質問主意書

第186回国会(常会)

答弁書


答弁書第二一号

内閣参質一八六第二一号
  平成二十六年二月二十八日
内閣総理大臣 安倍 晋三   


       参議院議長 山崎 正昭 殿

参議院議員川田龍平君提出被験者保護の観点からの臨床研究の法制化に関する質問に対し、別紙答弁書を送付する。
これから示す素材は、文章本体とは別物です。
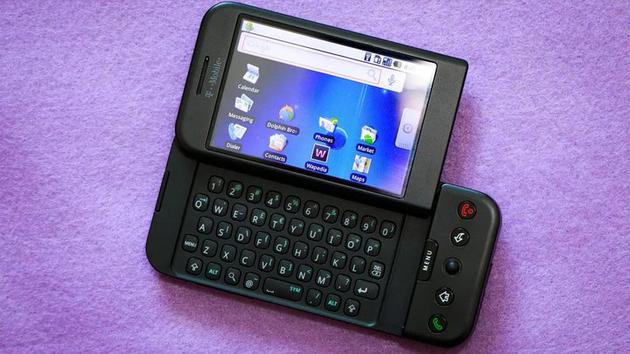 ▲ Android 梦开始的‘设备’HTC Dream G1(T-Mobile)。 图片来自:cnet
   参議院議員川田龍平君提出被験者保護の観点からの臨床研究の法制化に関する質問に対する答弁書

一について

 高血圧症治療薬の臨床研究事案に関する検討委員会(以下「検討委員会」という。)は、降圧剤バルサルタン(商品名ディオバン)に係る臨床研究について、当該臨床研究における不適切な記録の使用や研究者の利益相反行為の疑いがあること等から、御指摘の「研究倫理や被験者保護」を含め、当該事案の状況把握及び必要な対応等の検討を行っているところである。

二、五及び六について

 御指摘の「臨床研究の法制化」については、現在、厚生労働省医政局において、検討委員会が取りまとめた「高血圧症治療薬の臨床研究事案を踏まえた対応及び再発防止策について(中間とりまとめ)」(以下「中間取りまとめ」という。)を踏まえた検討を行っている段階であり、お尋ねについて一概にお答えすることは困難である。
 また、疫学研究に関する倫理指針(平成十九年文部科学省・厚生労働省告示第一号)及び臨床研究に関する倫理指針(平成二十年厚生労働省告示第四百十五号)については、中間取りまとめを踏まえつつ、御指摘の「研究倫理、被験者保護」の観点からも、見直しの検討を行っているところである。

三について

 厚生労働省において、附属病院を設置する国公私立大学や特定機能病院等の臨床研究を実施する主な機関を対象とした調査の結果も踏まえた上で、倫理的な観点も含めた臨床研究の信頼回復のための法制度の必要性について、新たな検討組織の設置も含め、検討を行っているところである。

四について

 御指摘の「SIGN研究に対する疑惑」の意味するところが必ずしも明らかではないため、お尋ねについてお答えすることは困難である。

七について

 お尋ねの「倫理委員会の質の確保」については、疫学研究に関する倫理指針及び臨床研究に関する倫理指針の見直しに係る合同会議において、倫理審査委員会の設置要件の見直し等について検討を行っているところである。
 また、お尋ねの「認定の仕組み」については、平成二十五年度厚生労働科学研究費補助金(医療技術実用化総合研究(臨床研究・治験推進研究)事業)を活用した倫理審査委員会の認定制度と要件に関する検討に係る研究班において、認定制度の設計及び認定要件についての検討を行っているところである。

八について

 七についてで述べたとおり、御指摘の「倫理委員会の質の確保や認定の仕組み」については、現在検討中であることから、お尋ねの関係及び方向性についてお答えすることは困難である。

九について

 今通常国会に提出している独立行政法人日本医療研究開発機構法案第三条において、独立行政法人日本医療研究開発機構(以下「機構」という。)は、研究機関の能力を活用して行う医療分野の研究開発及びその環境の整備、研究機関における医療分野の研究開発及びその環境の整備の助成等の業務を行うと規定しているが、御指摘の米国国立衛生研究所(NIH)は、二十七の研究所等において、自ら研究開発を行うとともに、他の研究機関に対して研究費を配分することを業務としており、機構とは業務内容が同一ではない。